Gedaan met laden. U bevindt zich op: Metadata: Type arbeidscontract Type arbeidscontract

Metadata: Type arbeidscontract

Bron

Enquête naar de Arbeidskrachten (EAK), Statbel en Labour Force Survey (LFS), Eurostat, bewerking Steunpunt Werk

Definities

Het type arbeidscontract van de werknemers geeft het onderscheid weer tussen werknemers met een vast en een tijdelijk arbeidscontract.

Werknemers werken voor een openbare of particuliere werkgever en ontvangen een vergoeding in de vorm van loon, salaris, resultaatafhankelijke betaling of betaling in natura. Niet-dienstplichtige leden van de strijdkrachten zijn ook inbegrepen. Werknemers kunnen hun hoofdactiviteit combineren met een bijberoep als zelfstandige.

Vast arbeidscontract: werknemers met een vaste benoeming bij de overheid of een arbeidscontract van onbepaalde duur bij de overheid of in de privésector.
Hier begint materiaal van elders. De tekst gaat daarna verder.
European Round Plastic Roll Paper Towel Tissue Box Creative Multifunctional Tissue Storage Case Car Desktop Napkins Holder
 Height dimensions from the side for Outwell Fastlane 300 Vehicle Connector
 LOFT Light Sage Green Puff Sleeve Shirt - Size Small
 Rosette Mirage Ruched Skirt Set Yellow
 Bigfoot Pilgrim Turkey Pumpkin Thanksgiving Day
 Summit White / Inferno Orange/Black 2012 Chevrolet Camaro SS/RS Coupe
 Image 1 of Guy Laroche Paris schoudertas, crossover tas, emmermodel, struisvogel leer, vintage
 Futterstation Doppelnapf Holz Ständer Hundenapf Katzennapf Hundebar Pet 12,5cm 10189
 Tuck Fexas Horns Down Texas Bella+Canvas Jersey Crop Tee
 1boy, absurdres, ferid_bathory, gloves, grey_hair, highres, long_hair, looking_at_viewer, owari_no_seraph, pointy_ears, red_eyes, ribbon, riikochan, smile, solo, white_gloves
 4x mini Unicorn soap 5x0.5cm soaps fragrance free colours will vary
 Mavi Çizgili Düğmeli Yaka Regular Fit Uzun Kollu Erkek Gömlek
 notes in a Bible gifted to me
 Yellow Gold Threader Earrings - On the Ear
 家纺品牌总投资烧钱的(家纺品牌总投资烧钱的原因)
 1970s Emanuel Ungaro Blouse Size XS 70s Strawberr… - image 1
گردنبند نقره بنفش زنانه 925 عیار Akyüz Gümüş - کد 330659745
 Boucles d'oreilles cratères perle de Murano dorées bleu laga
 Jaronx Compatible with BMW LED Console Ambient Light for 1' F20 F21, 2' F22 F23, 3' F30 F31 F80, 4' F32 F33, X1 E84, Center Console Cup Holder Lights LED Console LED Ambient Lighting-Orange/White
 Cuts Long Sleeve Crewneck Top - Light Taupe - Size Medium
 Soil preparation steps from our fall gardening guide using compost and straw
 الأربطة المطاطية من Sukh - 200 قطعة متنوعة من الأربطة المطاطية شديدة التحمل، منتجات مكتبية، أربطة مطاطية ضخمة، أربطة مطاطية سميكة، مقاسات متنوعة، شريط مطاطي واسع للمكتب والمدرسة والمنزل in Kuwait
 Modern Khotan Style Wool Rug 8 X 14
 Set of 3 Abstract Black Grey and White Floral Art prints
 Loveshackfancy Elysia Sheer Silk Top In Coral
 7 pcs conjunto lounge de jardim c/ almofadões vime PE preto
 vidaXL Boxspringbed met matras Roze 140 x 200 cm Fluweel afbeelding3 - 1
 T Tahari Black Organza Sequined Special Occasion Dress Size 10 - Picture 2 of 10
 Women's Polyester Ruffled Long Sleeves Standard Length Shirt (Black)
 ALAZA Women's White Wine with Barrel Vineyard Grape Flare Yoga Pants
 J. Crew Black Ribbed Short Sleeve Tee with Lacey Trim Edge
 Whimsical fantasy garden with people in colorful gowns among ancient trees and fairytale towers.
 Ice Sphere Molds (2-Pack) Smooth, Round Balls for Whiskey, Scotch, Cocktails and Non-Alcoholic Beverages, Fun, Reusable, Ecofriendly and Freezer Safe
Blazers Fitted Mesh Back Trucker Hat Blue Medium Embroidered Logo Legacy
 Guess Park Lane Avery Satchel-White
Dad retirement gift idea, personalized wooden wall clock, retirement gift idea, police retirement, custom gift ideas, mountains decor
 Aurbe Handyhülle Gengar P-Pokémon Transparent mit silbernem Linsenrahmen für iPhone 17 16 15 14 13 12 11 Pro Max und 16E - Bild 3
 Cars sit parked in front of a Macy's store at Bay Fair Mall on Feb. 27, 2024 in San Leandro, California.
Tijdelijk arbeidscontract: personen met een arbeidscontract van bepaalde duur (overheid en privésector) of een contract in een specifiek stelsel, gebaseerd op bepaalde vastgelegde criteria. Voorbeelden zijn: contract van bepaalde duur, uitzendkrachten, dienstencheque, arbeid in het kader van een leercontract of een alternerende opleiding, contract voor studentenarbeid, gelegenheidswerk zonder formele arbeidsovereenkomst.

Op basis van het onderscheid wordt het aandeel werknemers van 20-64 jaar met een tijdelijk arbeidscontract berekend.

Onderwijsniveau:

  • Kort- of laaggeschoold: personen zonder diploma of hoogstens een diploma lager secundair onderwijs.
  • Middengeschoold: personen met hoogstens een diploma hoger secundair onderwijs of met een diploma post-secundair niet-hoger onderwijs.
  • Hooggeschoold: personen met een diploma hoger of universitair onderwijs.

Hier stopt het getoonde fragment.